The University of Texas MD Anderson Cancer Center, Houston, Texas 77030, USA.
Oncologist. 2013;18(5):525-32. doi: 10.1634/theoncologist.2012-0434. Epub 2013 Apr 24.
In the past 3 years, we have witnessed the completion of four randomized phase III studies in neuroendocrine tumors and the approval of two new drugs, everolimus and sunitinib, for the treatment of patients with well-differentiated pancreatic neuroendocrine tumors. These studies demonstrate a shift from case series and single-arm studies toward prospective, randomized controlled clinical trials and evidence-based therapy in the neuroendocrine tumor field. However, the clinical development of these agents also highlights the potential challenges awaiting other new drugs in this area. Herein, we discuss the strengths and weaknesses of the most recent phase II and phase III neuroendocrine tumor studies and discuss how limitations inherent in current trial design can lead to potential pitfalls. We also discuss how trial design can be improved, with the hope of increasing the number of drugs successfully developed to treat patients with neuroendocrine tumors.

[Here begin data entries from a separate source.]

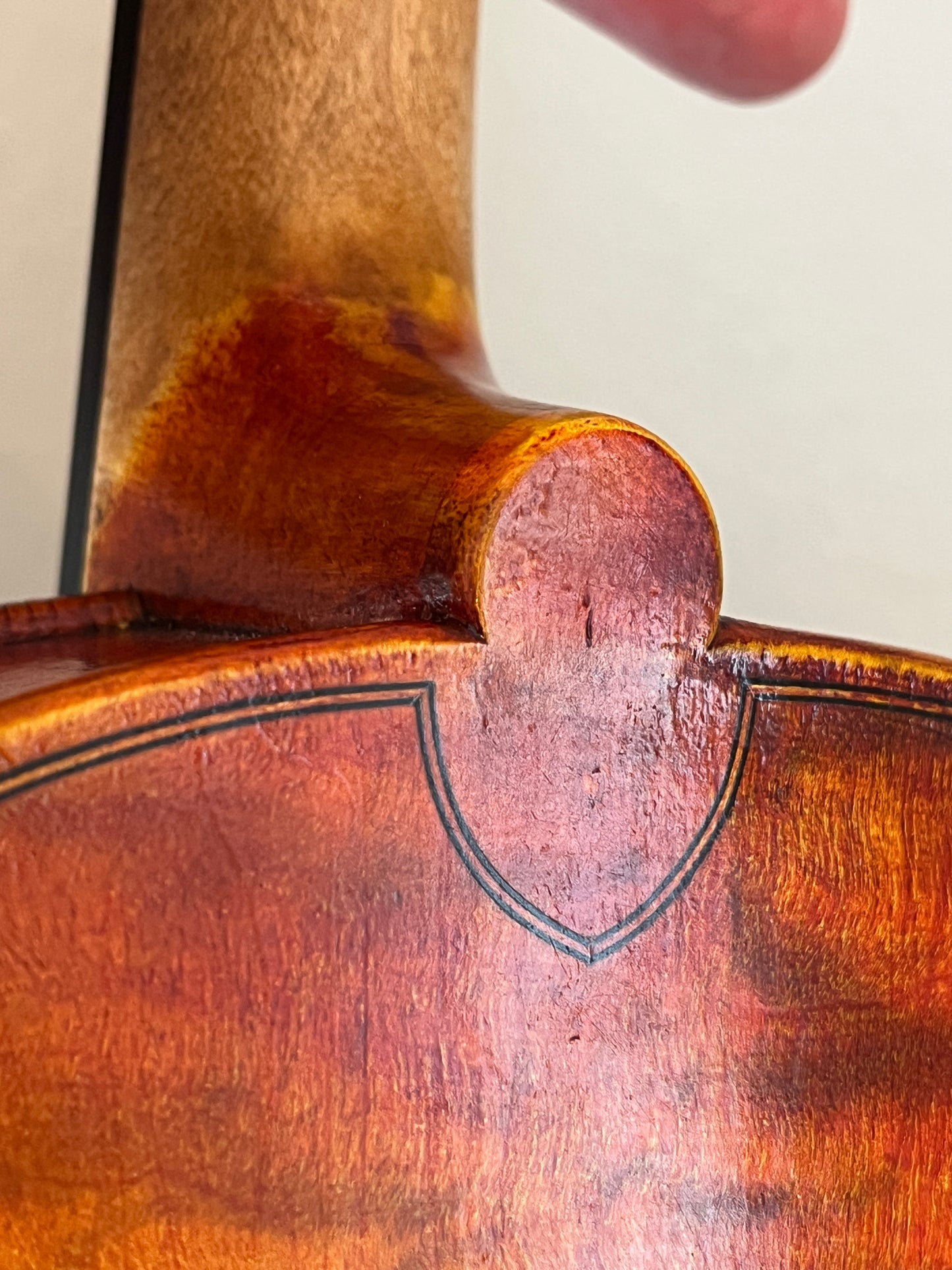 Single piece back flamed Bench made violin by Ivan of Bonev Violins #71 2025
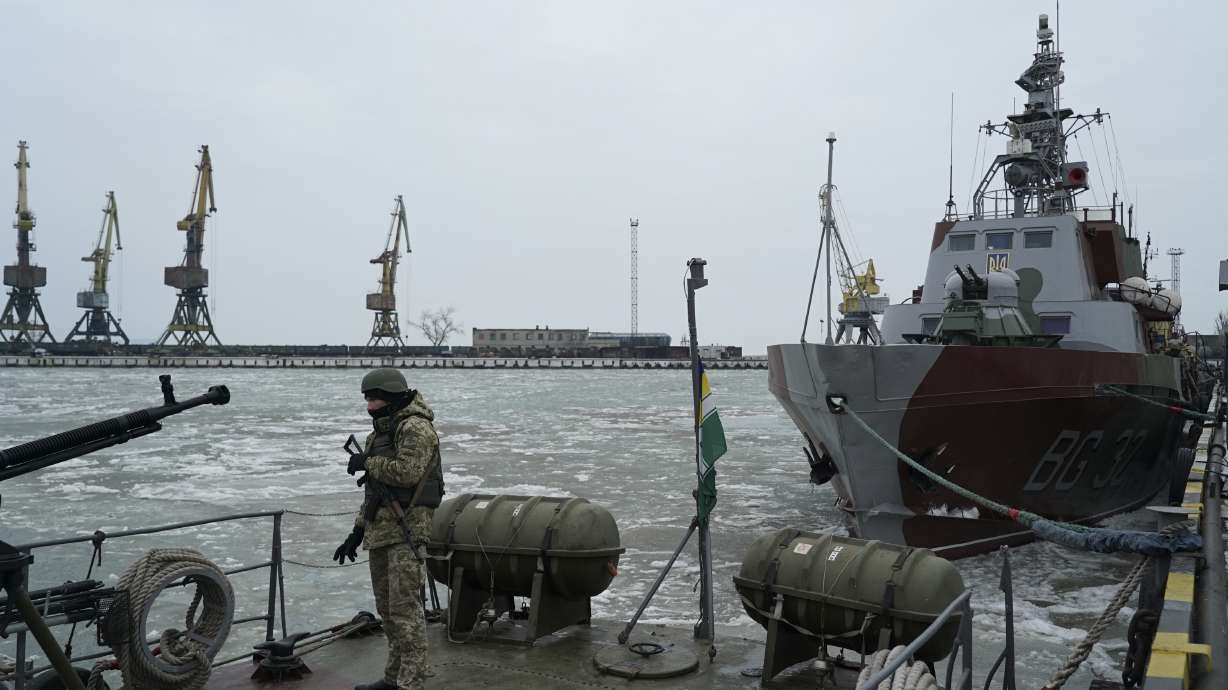 The Latest: Ukraine seeks NATO support over Russia standoff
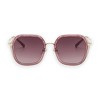 Anna-Kaci Women's Geometric Square Sunglasses with UV400 Protective Lenses - 2 of 3
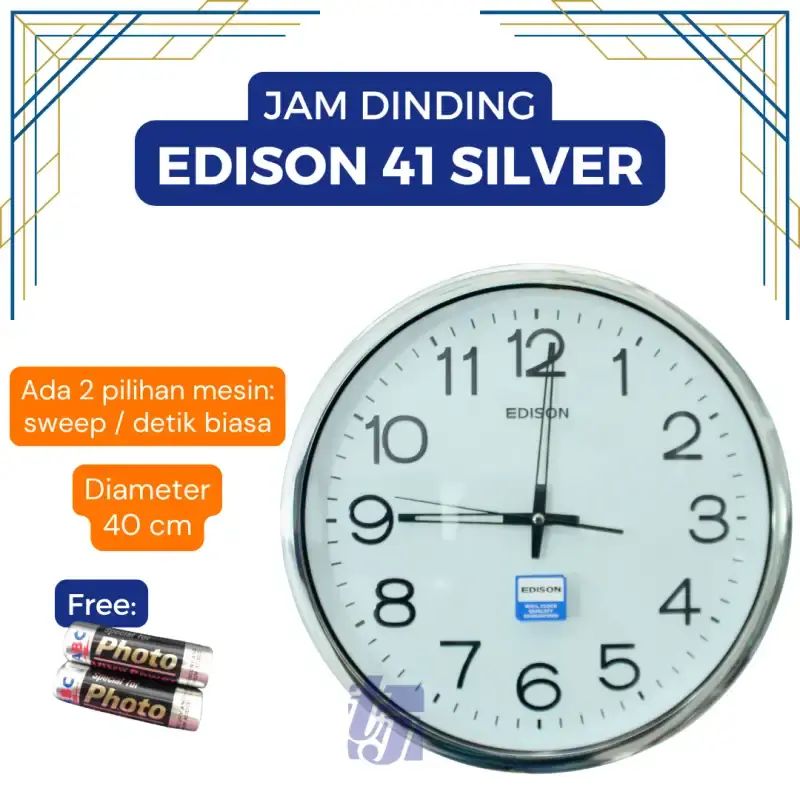 Jual Jam Dinding Edison Sweep Es 400 Terbaik April 2026 - Harga Murah ...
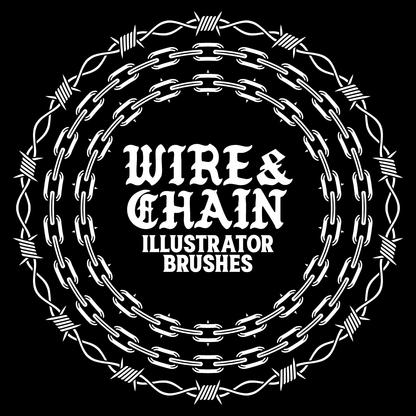 Wire & Chain Illustrator Brushes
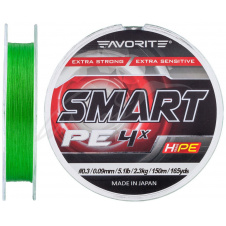 Шнур Favorite Smart PE 4x 150м Салатовый 0.5/0.117мм 3.6кг 8lb (1693-10-38)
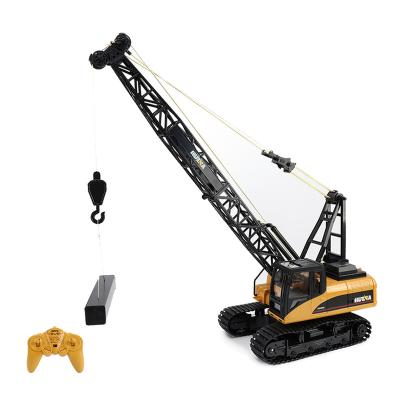 China Huina RC Model 1572 1/14 Scale 15CH RC Alloy Crane Truck 2.4G Radio Control Toys RC Engineering Vehicle Toys for sale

在过去的 3 年中,我们见证了四项神经内分泌肿瘤的随机 III 期研究的完成,以及两种新药依维莫司和舒尼替尼被批准用于治疗分化良好的胰腺神经内分泌肿瘤患者。这些研究表明,神经内分泌肿瘤领域已经从病例系列和单臂研究转向了前瞻性、随机对照临床试验和基于证据的治疗。然而,这些药物的临床开发也凸显了该领域其他新药可能面临的挑战。在此,我们讨论了最近的 II 期和 III 期神经内分泌肿瘤研究的优缺点,并讨论了当前试验设计中固有的局限性如何导致潜在的陷阱。我们还讨论了如何改进试验设计,希望能增加成功开发用于治疗神经内分泌肿瘤患者的药物数量。